En outre, le rapport préconise de réduire l'importance de l'emplacement de stockage des données sans sacrifier la sécurité publique, grâce à de nouveaux mécanismes de coopération en matière d'application de la loi (tels que les accords du CLOUD Act et la mise à jour des traités d'entraide judiciaire). Parallèlement, les pays devraient mettre en place des procédures de réglementation plus transparentes afin d'empêcher que les règles techniques ne deviennent des barrières commerciales déguisées.
Les pays partageant des valeurs communes, tels que l'Australie, le Canada, le Chili, le Japon, Singapour, la Nouvelle-Zélande, les États-Unis et le Royaume-Uni, devraient jouer un rôle moteur dans ce processus et œuvrer en faveur d'un marché numérique mondial ouvert, fondé sur des règles et en constante innovation.

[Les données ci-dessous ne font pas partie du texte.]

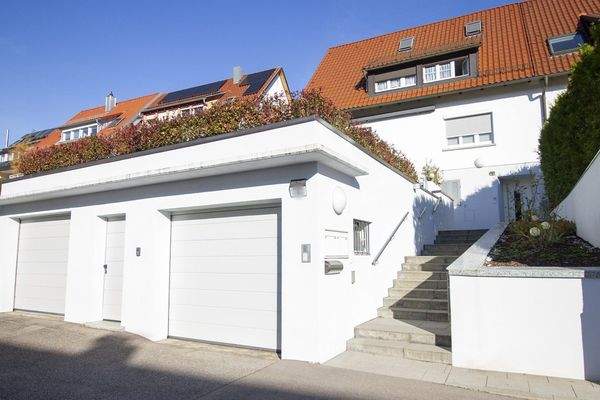 Doppelgarage und Hauseingang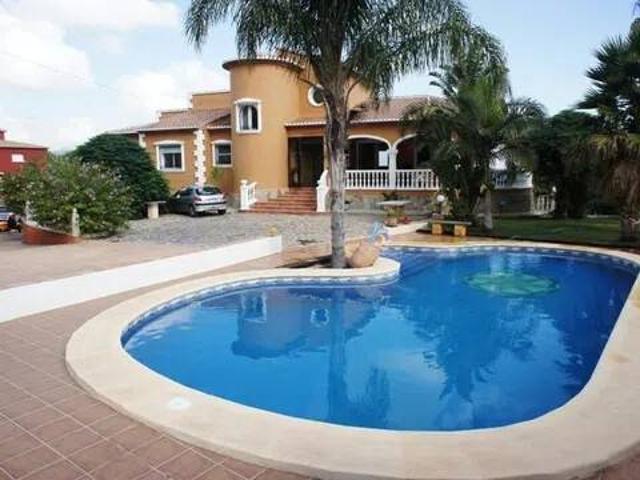 Casa en Venta en Pedreguer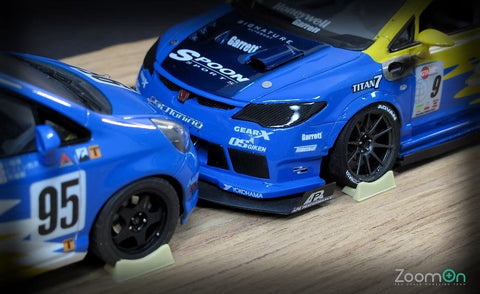 ZoomOn Z044 1/24 ヨコハマタイヤ スタンド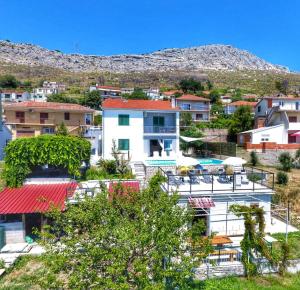 Villa with pool,tavern & superb view over Split 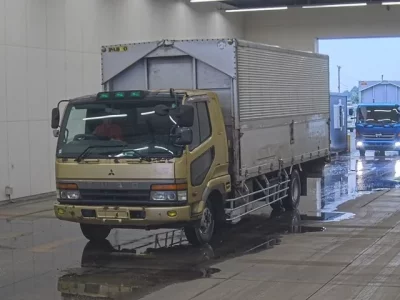Mitsubishi FUSO FIGHTER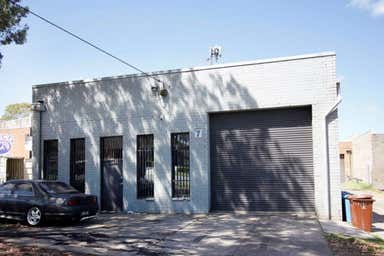 1/7 Fitzgerald Street Ferntree Gully VIC 3156 - Image 3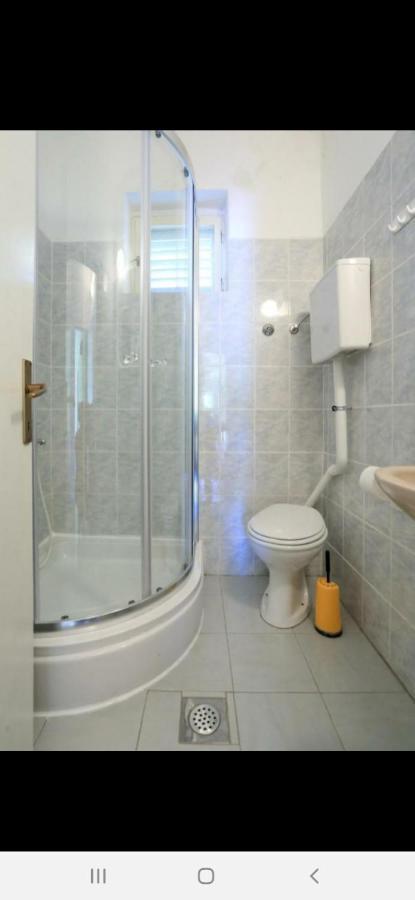 Basil Apartments And Rooms เบทินา ภายนอก รูปภาพ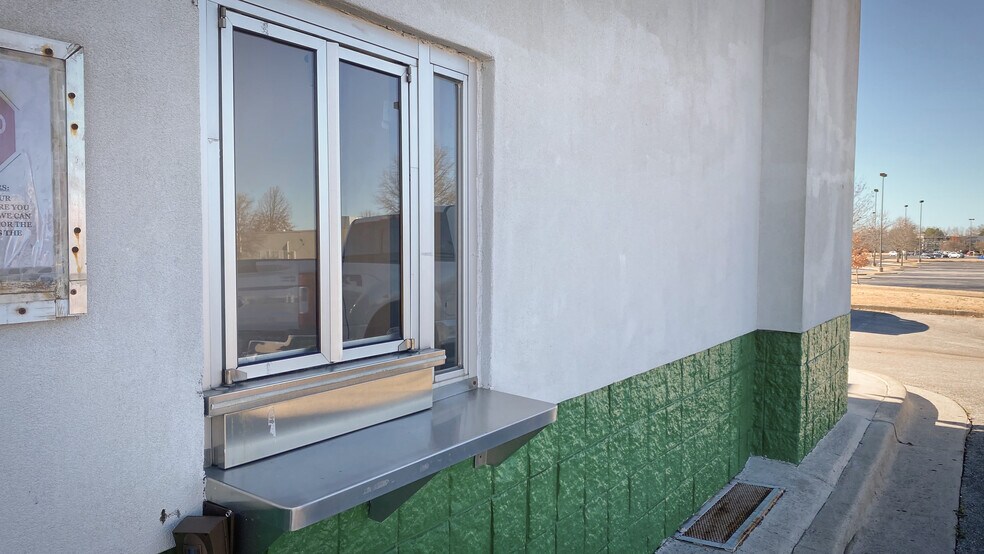 More Photos Of 2007 Hughes Rd, Madison Fast Food For Sale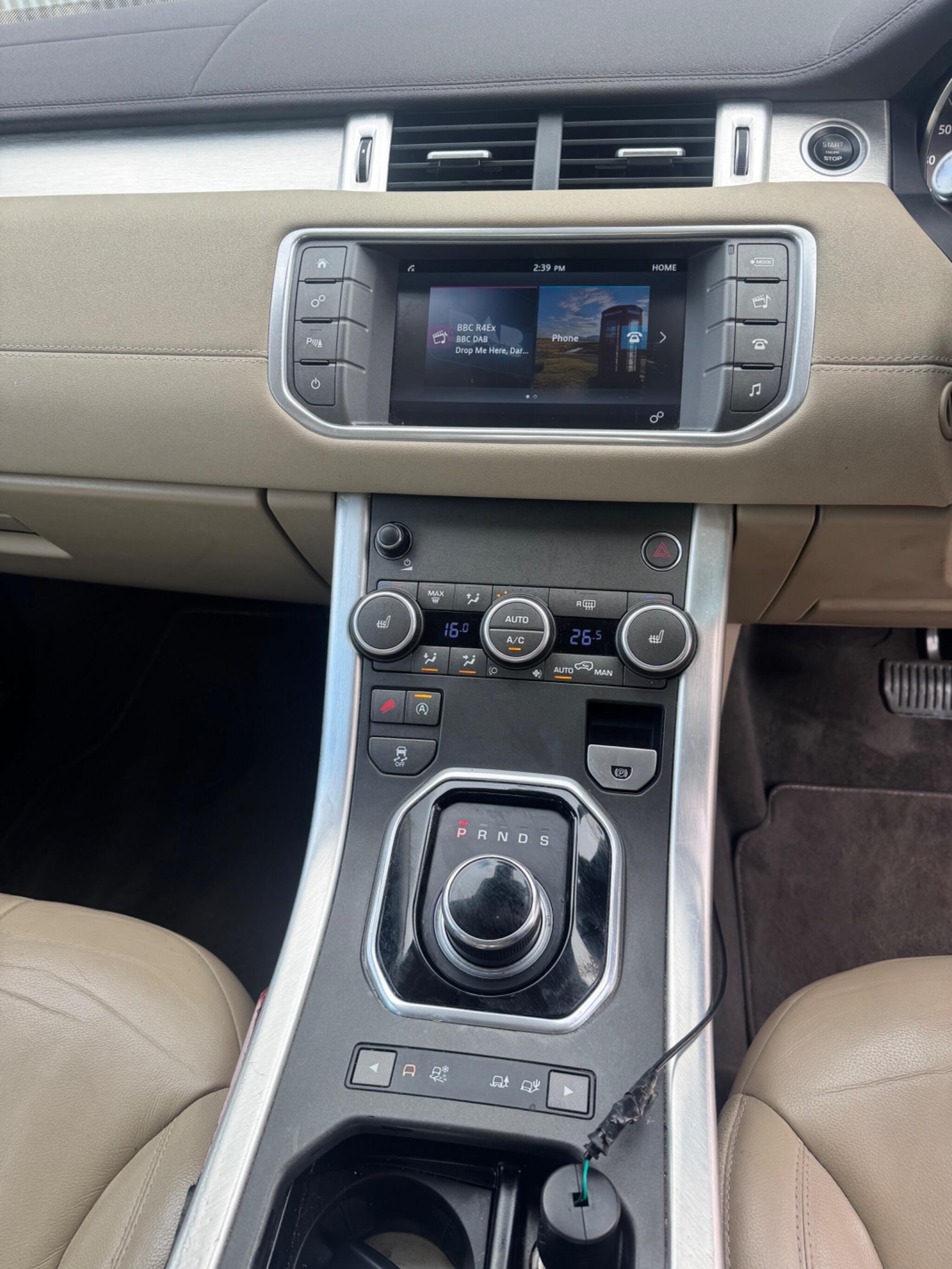 Land Rover Range Rover Evoque view 20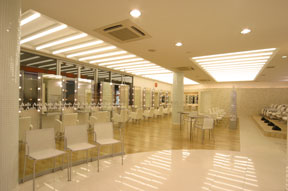 いつも明るい店内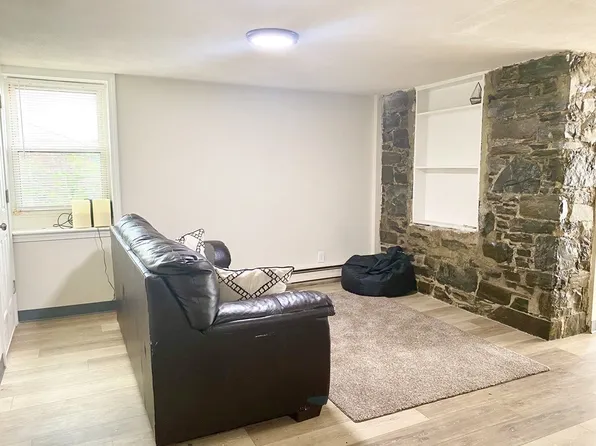 74 Thorndike St APT 1, Cambridge, MA 02141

Conclusion : quand les barrières aux données deviennent une variable économique de long terme
La diffusion mondiale de la localisation des données n'est pas un phénomène isolé de réglementation technique, mais un microcosme de la restructuration du système de gouvernance économique mondiale à l'ère numérique. Elle reflète le rééquilibrage entre sécurité, souveraineté et développement dans chaque pays, et laisse entrevoir une possible divergence des schémas de croissance mondiale au cours de la prochaine décennie.Si les barrières aux données continuent de s'accumuler, l’économie numérique mondiale sera confrontée au risque à long terme de la « fragmentation ». Les entreprises seront contraintes à des investissements redondants, la collaboration transfrontalière en matière d’innovation sera entravée, et les consommateurs devront supporter des prix plus élevés. À l’inverse, si les pays parviennent à construire un cadre mondial de gouvernance des données fondé sur la confiance mutuelle, ils pourront libérer le dividende des données et fournir un élan à la prochaine phase de croissance mondiale.
Le véritable défi pour les décideurs politiques ne consiste pas à faire un simple arbitrage entre ouverture et sécurité, mais à concevoir des arrangements institutionnels qui respectent les préoccupations légitimes tout en maximisant les bénéfices des flux de données. La force des données réside dans leur circulation, et celle-ci a pour préalable des règles et la confiance. La capacité de l’économie numérique mondiale à surmonter la vague actuelle de barrières aux données influencera profondément la trajectoire du cycle économique à long terme.